Andreessen: It was a common term in the telecom business. AT&T used it to talk about their Centrex service, which—going way back here—took all the hassles of switching phone calls out of the individual enterprise and turned it into a service. So our idea with Loudcloud was to offer a similar proposition, but for software. When we first announced it, I described it as Silicon Valley Power & Light.
Anderson: Tech companies would use it as a utility.
Andreessen: Exactly: the software power grid. We actually used the electrical metaphor more than the telecom metaphor. When electricity first came to factories, every factory had its own generator. But eventually that didn’t make any sense, because everyone could draw electricity off the grid. At the height of the first dotcom boom, we saw the exact same thing happening in Silicon Valley. You’d raise $20 million of venture capital, and then you’d have to turn around and write $5 million checks to Oracle, Sun, EMC, and Cisco just to build out your server farm. It was literally like everybody building their own electrical generator over and over again.
Anderson: You were the first company to provide software as a service.
Andreessen: I would say we were the first cloud provider in the modern sense of the term. Our pitch was, you should be able to buy all this software by the drink, instead of having to shell out for the bottle up front. By capitalizing on economies of scale, Loudcloud could provide higher levels of service than you could get in-house, and a startup could get its product to market almost instantaneously. It could spend its time and energy building the actual product instead of trying to figure out how to host it and keep it live. That was the pitch.
Anderson: It didn’t really work.
Andreessen: Well, it worked beautifully right up to the point when all the startups went bankrupt, and then all our big clients decided they didn’t have to worry about competing with the startups anymore. After that, it went completely sideways. Literally every other company we were competing with went bankrupt; we were the only one that got through it. So we just went back to basics and we said, OK, we couldn’t make it work as a service provider, but we think we can make it work as a software company, selling the back-end software to manage big networks of servers. We changed our name to Opsware. That ultimately worked, as a business.

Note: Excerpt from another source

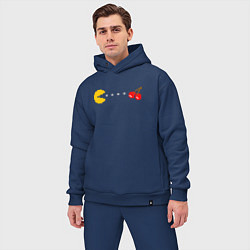 Мужской костюм оверсайз Pac-man 8bit цвета тёмно-синий — фото 2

Anderson: You were acquired by HP for $1.6 billion.
Andreessen: That whole transition happened during an unfun time in the tech economy. Everybody went through a crisis of confidence between 2002 and 2006. Up and down Sand Hill Road, VCs would refuse to fund consumer Internet companies, because it had been decided that those simply weren’t going to work.
Anderson: Looking back, it’s somewhat ironic that you started with the right name, Loudcloud, but abandoned it. Now the world has come back to cloud. What did it take?
Andreessen: In retrospect, we were five or six years too early. Besides the rebound in the startup economy, there have also been two huge developments in server technology. The first is commoditization: We were running on expensive Sun servers, but now you can buy Linux servers at a fraction of the cost. The second is virtualization, which makes managing the servers and apportioning services to clients far easier than was possible back in 1999. And that’s why Amazon’s cloud service has been so magical. It’s the same core concept—but with supercheap hardware, which makes the economics far more attractive for everybody, and with virtualization, which makes the entire environment far more adaptable.
idea four
2004
Everything Will Be Social
In 2004, when very few consumer Internet companies were getting funded, Andreessen cofounded Ning, a service to let groups of people create their own social apps. It was a modest success, but “social” has become just as ubiquitous as he predicted—increasingly, what we buy, what we listen to, even our search results are influenced by our friends’ tastes and choices. And most of the successful startups in this arena, from Facebook to Groupon to Instagram, have Andreessen as an investor or board member.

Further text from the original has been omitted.